| Hi,
have seen this problem on three different BRS-cluster after upgrading them to
BRS V1.4. In fact it is reproducible on all of them.
Here is what I figured out so far, it may or may not be 100% correct. The BRS
procedures are quite complex and it took me a considerable amount of time to
dig in, and work around this (and other) bugs.
If one is leaving the OMS-menu not using the 'correct way' ( File -> Exit )
the mailbox assigned to this process remains allocated and continues to get
filled up by the BRS$SENTRY process.

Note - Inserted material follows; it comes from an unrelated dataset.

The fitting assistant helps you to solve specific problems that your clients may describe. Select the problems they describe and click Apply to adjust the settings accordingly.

After some time, depending on the size of
the mailbox, the mailbox is full and the writing process (BRS$SENTRY) goes into
RWMBX.
This szenario happens quite often if, for example, an operator leaves his
X-session ( Session -> End session ) without exiting the OMS-menu first.
(b.t.w There are also other possible problems like huge DECW$SERVER_0_ERROR.LOG
files filling up the system-disk if the OMS-menu will not be exit'ed prior
session-end)
A serious side effect of this; if the BRS$SENTRY process hangs, no OMS-station
failover will be possible if the primary one fails.
my workaround:
I have a batch process running checking the OMS-station at regular intervalls
for processes in RWMBX (and other SUSP) states. If one is found and the
Processname is BRS$SENTRY the appended com-procedure will be triggered. The
procedure will deassign the BRS$OMSMBX_x Logical and clean-up the mailbox.

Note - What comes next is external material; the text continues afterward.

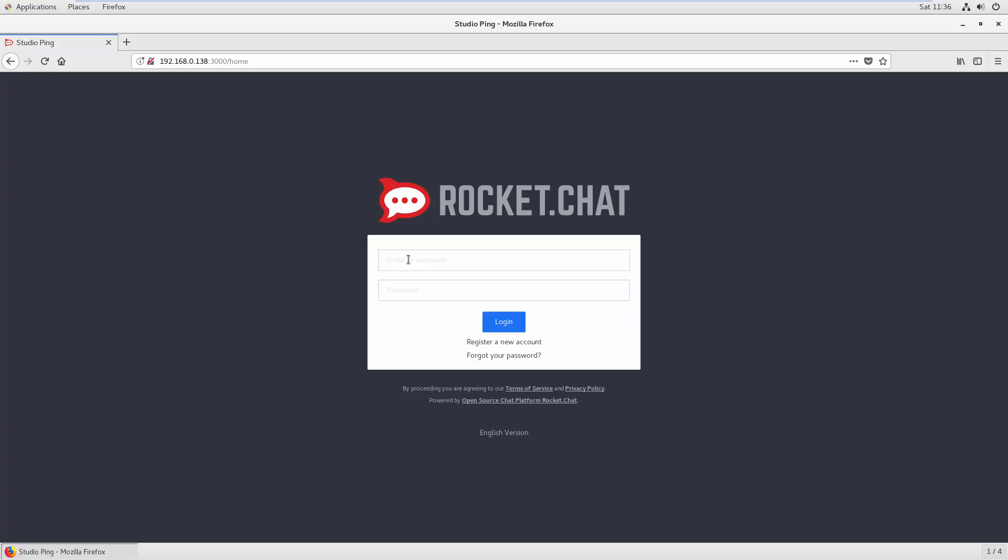The same settings we will put here. I put username admin and a password for my admin and hit login.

Afterwards the BRS$SENTRY process continues to work.
Maybe there is another, less complex, way. But that was the only one I found so
far to keep the OMS-stations running without constantly rebooting them.
Maybe you need to IPMT this.
regards,
Bernd
================================================================================
$! File : SCHEDULER_COM:CHECK_ORPHAN_BRS_MAILBOXES.COM
$! Date : 08.10.96 B.Oberle
$! Usage: release BRS connections to mailboxes which are not longer in
$! use (maybe due to inproper BRS-menu exit)

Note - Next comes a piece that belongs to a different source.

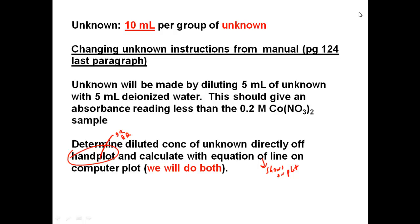One instruction in the manual says absorbance needs to be less than one — that is not needed; don't worry about that. You just need the data to be linear and your unknown absorbance to be less than that of the pure 0.2 M cobalt nitrate solution. I'll explain why in a couple of minutes.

$! Note : called by SYS$SYSDEVICE:[SNS$WATCHDOG]SNS$CHECK_PROCESSES_STATES
$!------------------------------------------------------------------------------
$! History:
$! ========
$!
$!------------------------------------------------------------------------------
$!
$ set noon
$ counter = 0
$!
$ NODE = F$GETSYI("NODENAME")
$ if node .NES. F$trnlnm("BRS$PRIMARY_OMS") then goto not_prim_oms
$!
$ loop:
$! -----
$!
$ counter = counter + 1
$ if counter .GT. 50 then goto end_run
$ mba_dev_name = F$trnlnm("BRS$OMSMBX_''counter'")
$ if mba_dev_name .EQS. "" then goto loop
$!
$ if F$getdvi(mba_dev_name,"REFCNT") .NE. 2 then goto loop
$!
$ write sys$output "==> orphan BRS mailbox found (''mba_dev_name') -- deleting logical ..."
$ deassign/system/user BRS$OMSMBX_'counter'
$!
$! #### now empty the mailbox ####
$! This happens in batch because the procedure will hang if the mailbox is empty
$!
$ submit -
/noident -
/param=("''mba_dev_name'") -
/queue=sys$batch -
/noprint -
/nolog -
scheduler_com:SUB_EMPTY_ORPHAN_BRS_MAILBOXES.COM
$!
$ wait ::10
$ delete/entry='$ENTRY'
$!
$ goto loop
$!
$ not_prim_oms:
$! -------------
$!
$ write sys$output ""
$ write sys$output "==> Procedure run on primary OMS-node only !!!"
$ write sys$output ""
$!
$ end_run:
$! --------
$!
$ exit
$!
================================================================================
$! File : SCHEDULER_COM:SUB_EMPTY_ORPHAN_BRS_MAILBOXES.COM
$! Date : 08.10.96 B.Oberle
$! Usage: write content of mailbox to null-device
$! Note : do not use interactive -- called by CHECK_ORPHAN_BRS_MAILBOXES.COM
$!------------------------------------------------------------------------------
$! History:
$! ========
$!
$!------------------------------------------------------------------------------
$!
$ if p1 .EQS. "" then exit
$!
$ loop:
$! -----
$ copy 'p1' sys$output:
$ goto loop
|